Equity Compensation Plan Information

        The following table provides certain information with respect to all of the Company's equity compensation plans in effect as of May 31, 2002.

Plan Category

  Number of
Securities to be
Issued Upon
Exercise of
Outstanding
Options,
Warrants and
Rights
(a)

  Weighted
Average Exercise
Price of
Outstanding
Options,
Warrants, and
Rights
(b)

  Number of
Securities
Remaining
Available for
Future Issuance
(Excluding
Securities
Reflected in
Column (a)
(c)

 
Equity compensation plans approved by security holders   3,384,626   $ 8.24   1,134,862 (1)
Equity compensation plans not approved by security holders          
Total   3,384,626   $ 8.24   1,134,862 (1)

(1)
Includes 990,125 shares reserved for issuance pursuant to options and 144,737 employee stock purchase plan shares available for future issuance.

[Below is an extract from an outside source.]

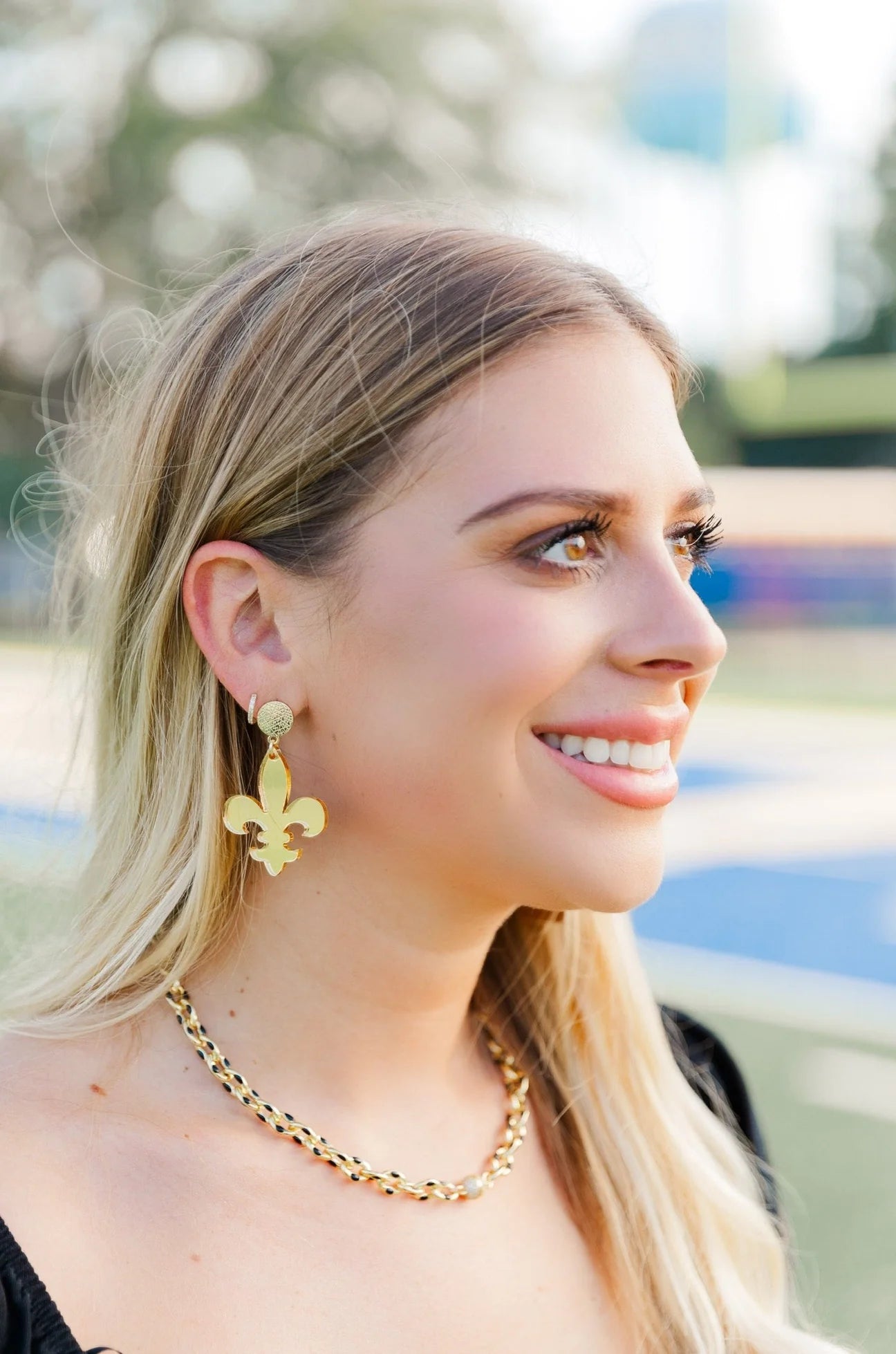 Gold Acrylic Fleur De Lis Earrings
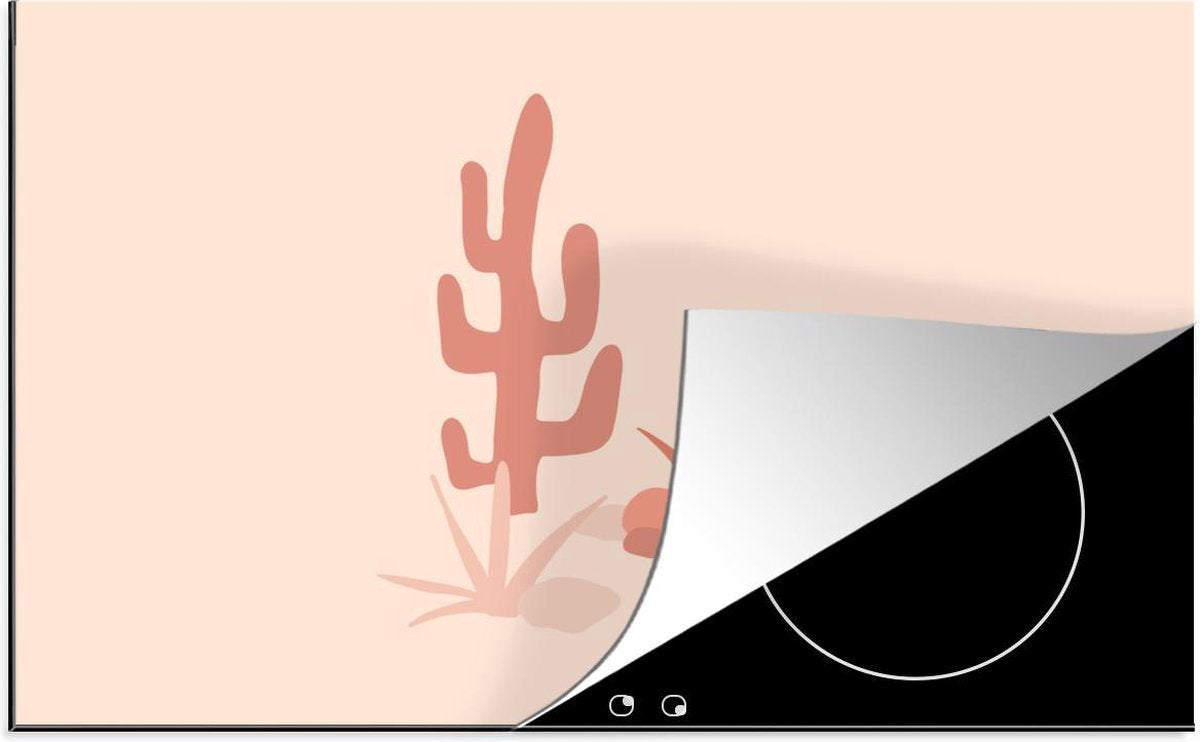 Luxe inductie beschermer Earthy Abstractions - 80x52 cm - Illustratie van abstracte cactus  - inductiebeschermer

ITEM 13. CERTAIN RELATIONSHIPS AND RELATED TRANSACTIONS

Certain Transactions

Transactions with FSI

        As of May 31, 2002, FSI International, Inc. ("FSI") held approximately 20.7% of the Company's outstanding shares. In fiscal and 2001 and 2002 products from FSI accounted for 25%, and 12% of the Company's revenue, respectively. In addition, Mr. Elftmann, a Supervisory Director of the Company, was Chairman of the Board of FSI until January 2002.

        Distribution Agreement.    In March 1998, the Company and FSI entered into a distribution agreement which has been amended to reflect FSI's sale of its chemical management division in July 1999. Pursuant to the terms of this agreement, FSI and the Company agreed that, with some exceptions, the Company would distribute some of FSI's products and related spare parts in specific countries primarily in Europe and Asia. Either party may terminate the agreement by providing at least 12 months' prior written notice.

        Pursuant to the distribution agreement, FSI sells products to the Company and the Company receives from FSI discounts ranging from 5% to 20% of the net sales price. The exact percentage varies depending on the product. For some products, the discounts may be renegotiated at the request of FSI if FSI's ownership of the Company drops below 25%. In cases where customers receive discounts off of the net sales price, the discounts are generally divided between FSI and the Company. The actual terms vary depending on product, location and the extent of the discount.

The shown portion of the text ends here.